4. Add half the flour mixture, the molasses, eggs, and vanilla. Mix on low speed until combined.
5. Add the other half of the flour mixture and mix on low speed just until the dough is no longer streaky.
6. Add the hazelnuts and cranberries and mix on low speed just until evenly distributed.
7. Using a 1-tablespoon scoop, drop the dough onto the parchment-lined cookie sheets, spaced about 2 inches apart. (I fit 12 cookies on a standard cookie sheet.)
8. Bake for 7–9 minutes, swapping racks halfway through, until the cookies are dark brown at the edges.
9. Take the cookies out of the oven and leave them to cool on the sheets for 5 minutes. After the 5 minutes are up, transfer to a wire rack.
10. Store the cookies at room temperature for a few days, or freeze them. They freeze really well!
Notes and tips
I use regular molasses. Choose this over dark molasses or blackstrap molasses. Both have a stronger, bitter flavor.
I roast my hazelnuts for maximum flavor. Set your oven to 300°F, put the nuts on a baking sheet, and roast 15–20 minutes or until they’re golden, shaking the tray a few times during baking.
Check out the notes section in the Chocolate Chip and Crunchy Caramel Cookies for my soapbox on room temperature butter and how to cream it properly.

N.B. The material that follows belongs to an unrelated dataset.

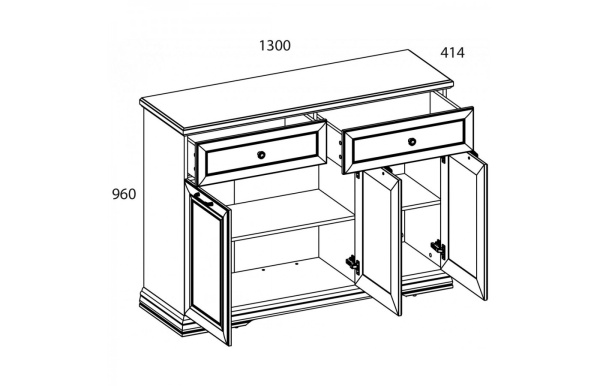 Тумба 3D2S SEVILLA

Like I said in the last recipe, every kitchen setup is different, so bake a single test cookie before you do two whole trays at once. If the test cookie is very flat after it cools, add ¼ c (30 g) flour to the dough. If it doesn’t spread much at all, add 2 tbsp melted butter. Keep testing until it comes out right, then bake your full batch. You’ll thank me later.






The story
My mom is the Queen of Cookies. Every year for Christmas, she bakes at least a dozen different varieties of cookies over the course of just two days. She fills an entire chest freezer full of them, and every time she’s invited to a Christmas party, she brings a platterful. She’s perfected every kind of cookie you can think of, and some you’ve never heard of before. She loads up her legendary platters with slice-and-bake sugar cookies topped with rainbows of glittering sugar. There are Dutch almond paste–filled cookies, made from an old family recipe. There are hot cocoa cookies complete with mini marshmallows. Snickerdoodles are coated with cinnamon sugar. Chocolate cookies are so dark and rich they’re almost black. There are cookies made from red and white dough twisted to look like candy canes. Maple cookies are artfully drizzled with glaze. They all taste as good as they look. That is, except the chocolate chip ones.

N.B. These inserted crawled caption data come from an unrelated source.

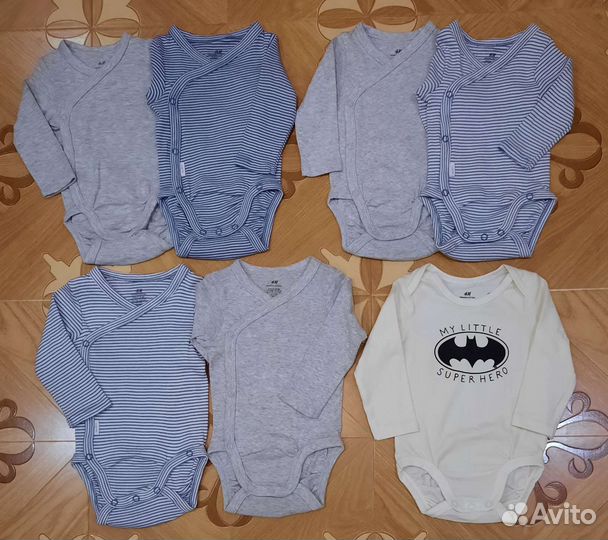Р.56-104см.H&M боди, джинсы, свитшоты, рубашки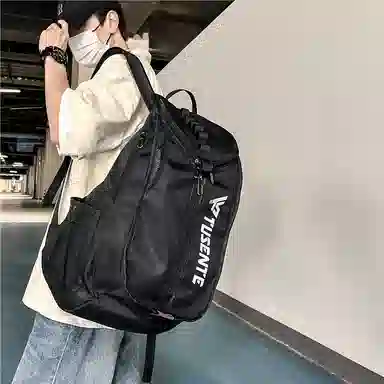 醇龙  男女通用多色牛津布双肩包大容量运动背包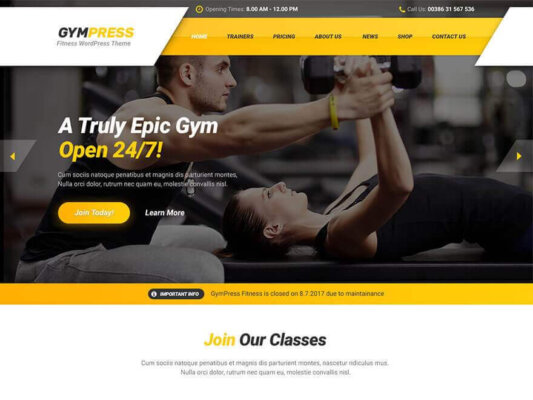 Thiết kế website phòng tập gym tại Huế hiệu quả 4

My mom always used the Nestle Toll House chocolate chip cookie recipe, and at some point during my childhood, they started coming out flat. They would spread so much in the oven that they came out looking like puddles, and the chocolate chips stuck up like mountains in a lake. Compared to my mom’s other cookies, these were downright ugly. Every time they flopped on her, she’d sigh. “They’re going to look so ugly on my cookie platters.” I protested: “They taste delicious, Mom! You can’t stop baking them.”
She didn’t stop. She tried everything to get these cookies to work. She experimented with cold and warm butter, with chilling the dough, with different types of baking sheets—all to no avail. I even took a crack at it, and when neither of us could get the cookies to work, we gave up and turned them into bars instead.
But this year, I cracked the code. The strange part was that I didn’t do it while developing the chocolate chip cookies for the last post—it was while making these molasses cookies that I had my eureka moment. I wasn’t even trying. The idea for these cookies was to take the classic molasses cookie, which I love, and make it my own by adding dried cranberries and hazelnuts to amp up the Christmas flavors.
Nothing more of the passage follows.